**What to produce**
Return exactly, please, the lines from the one containing "Bell B45E 6x6 Шарнирно-сочленённые самосвалы" to the last line of the entries below, and nothing else, leaving pictures out.

*** Opening of Supplied records ***

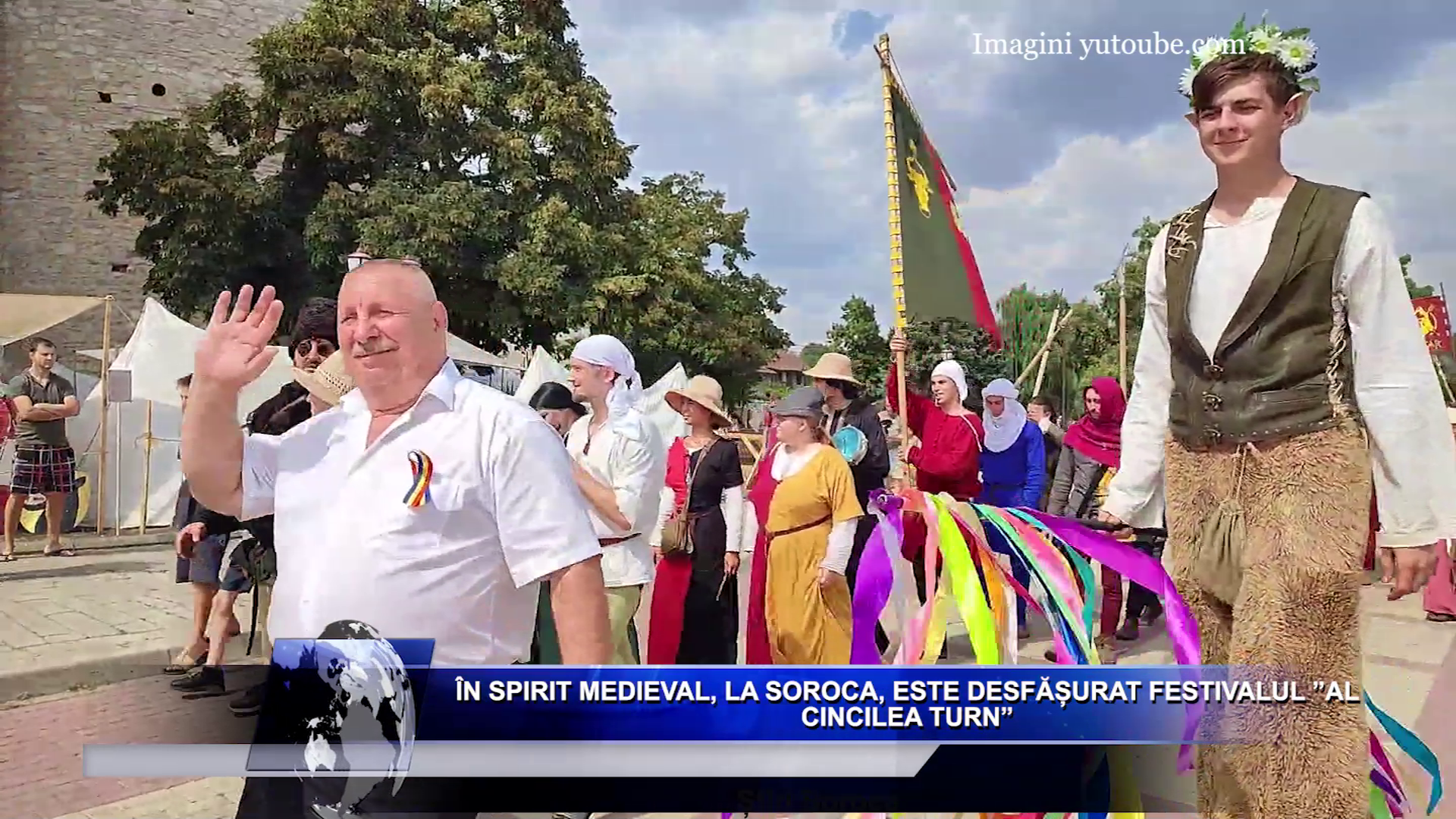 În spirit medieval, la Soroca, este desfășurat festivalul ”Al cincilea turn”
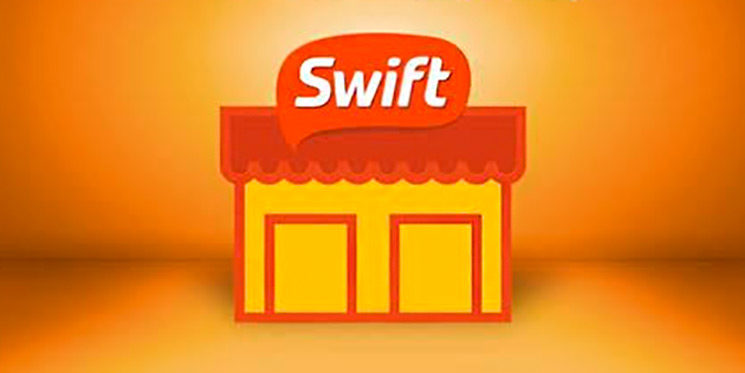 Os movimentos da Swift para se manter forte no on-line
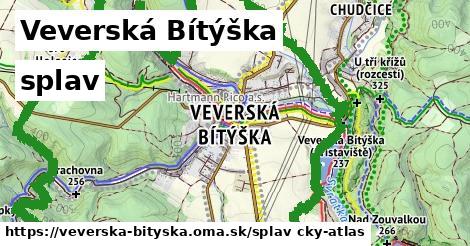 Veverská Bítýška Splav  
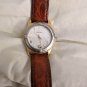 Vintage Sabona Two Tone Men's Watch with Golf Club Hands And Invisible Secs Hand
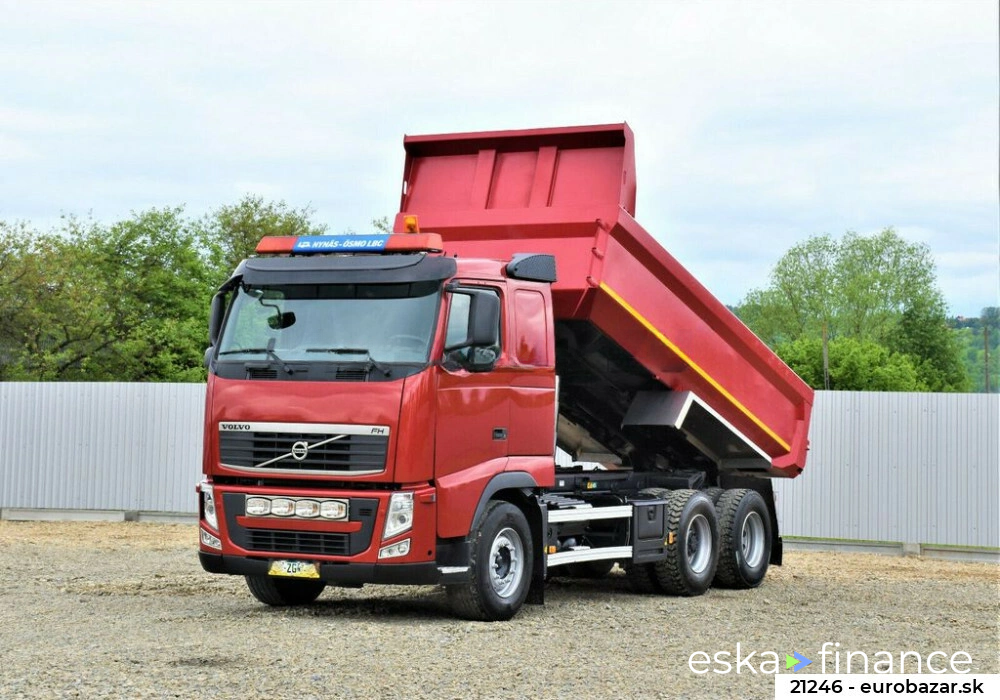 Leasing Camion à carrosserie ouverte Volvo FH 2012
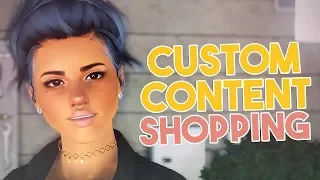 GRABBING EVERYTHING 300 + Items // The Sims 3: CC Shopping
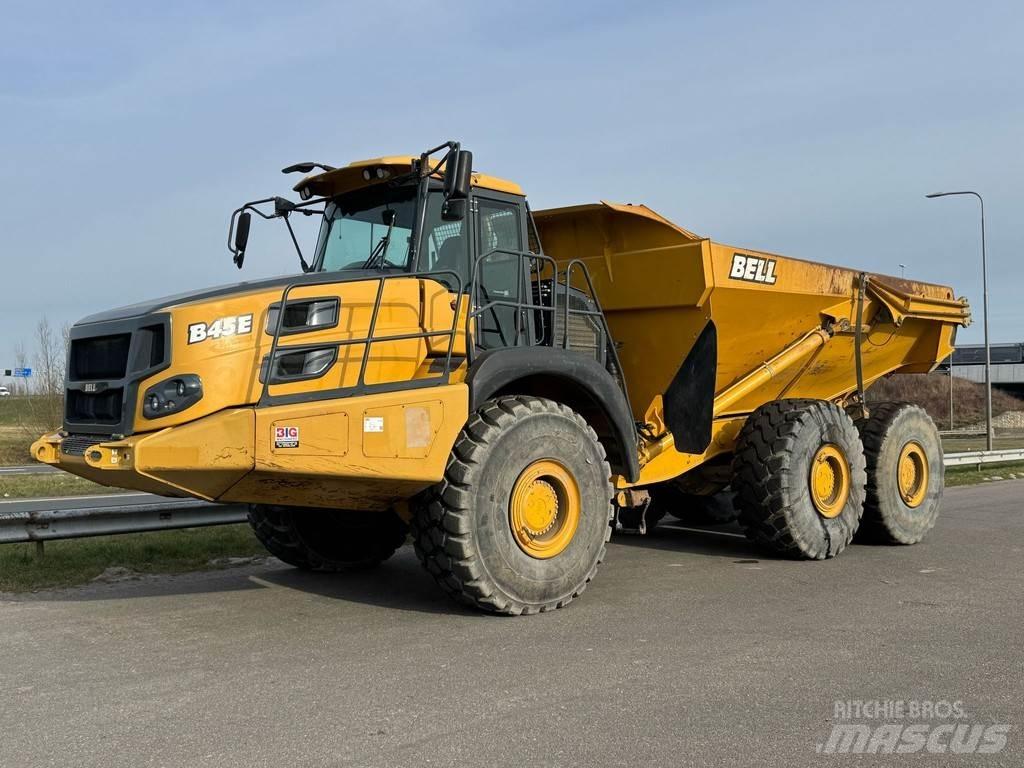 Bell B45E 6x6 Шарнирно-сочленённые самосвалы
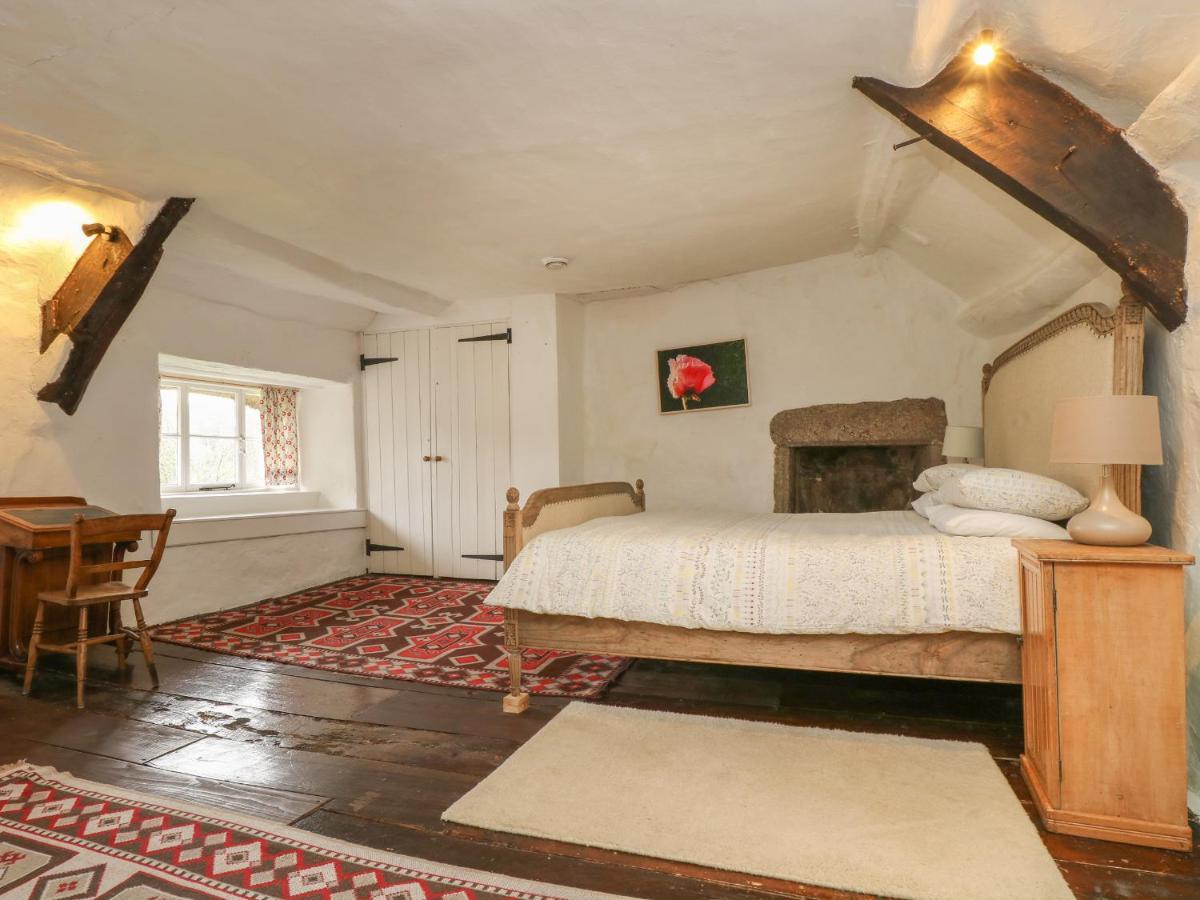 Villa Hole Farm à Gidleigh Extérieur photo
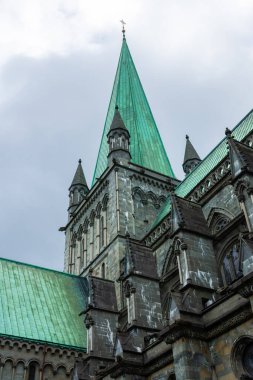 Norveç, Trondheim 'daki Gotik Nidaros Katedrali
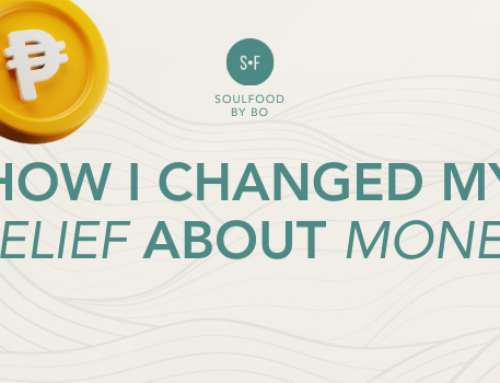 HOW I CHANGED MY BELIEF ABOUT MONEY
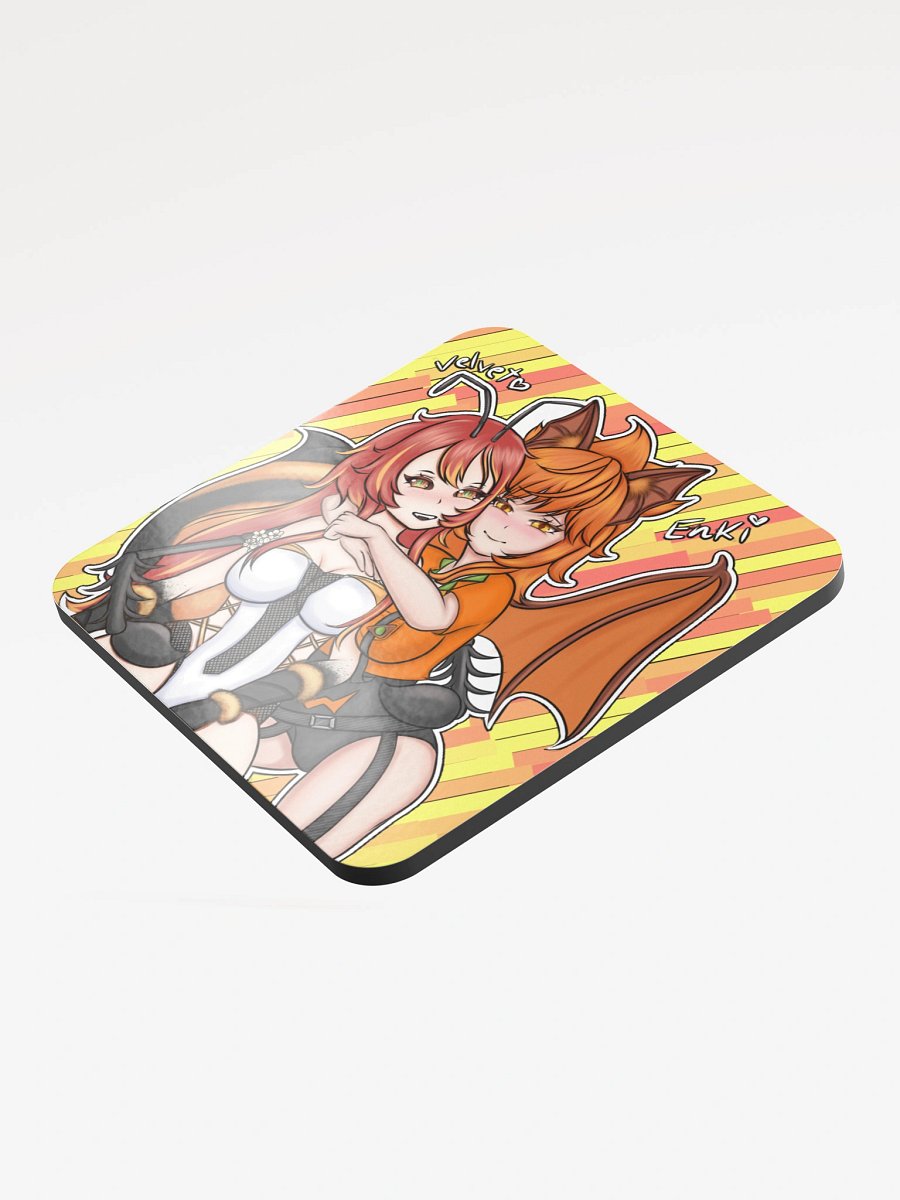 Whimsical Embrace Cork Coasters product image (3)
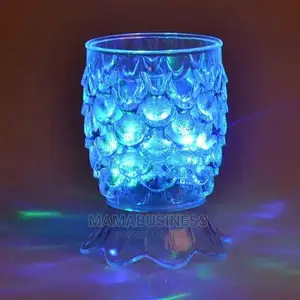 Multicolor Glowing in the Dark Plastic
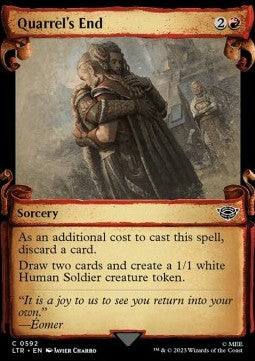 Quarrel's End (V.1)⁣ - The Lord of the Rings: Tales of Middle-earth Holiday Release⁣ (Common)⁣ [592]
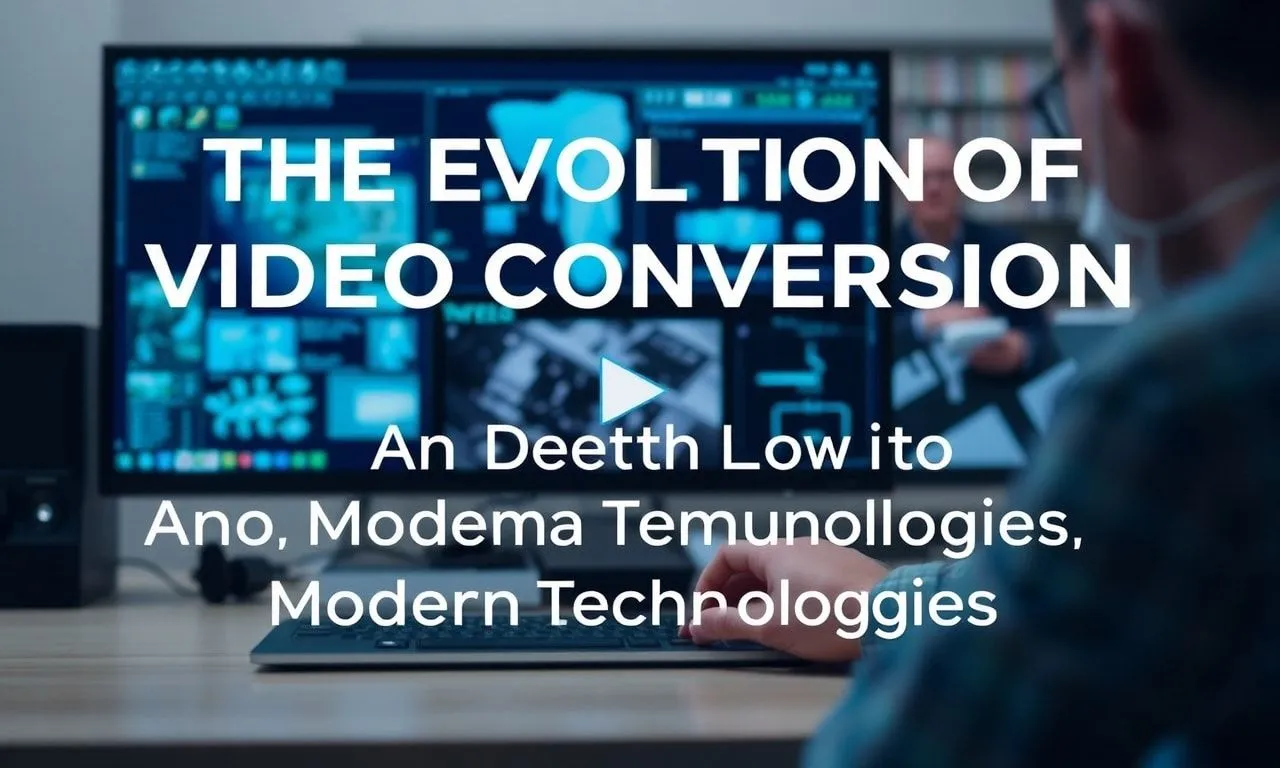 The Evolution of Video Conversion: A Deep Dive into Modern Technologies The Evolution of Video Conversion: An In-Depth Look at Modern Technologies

*** Close of Supplied records ***

**Response area**
 Bell B45E 6x6 Шарнирно-сочленённые самосвалы
 Villa Hole Farm à Gidleigh Extérieur photo
 Norveç, Trondheim 'daki Gotik Nidaros Katedrali
 HOW I CHANGED MY BELIEF ABOUT MONEY
 Whimsical Embrace Cork Coasters product image (3)
 Multicolor Glowing in the Dark Plastic
 Quarrel's End (V.1)⁣ - The Lord of the Rings: Tales of Middle-earth Holiday Release⁣ (Common)⁣ [592]
 The Evolution of Video Conversion: A Deep Dive into Modern Technologies The Evolution of Video Conversion: An In-Depth Look at Modern Technologies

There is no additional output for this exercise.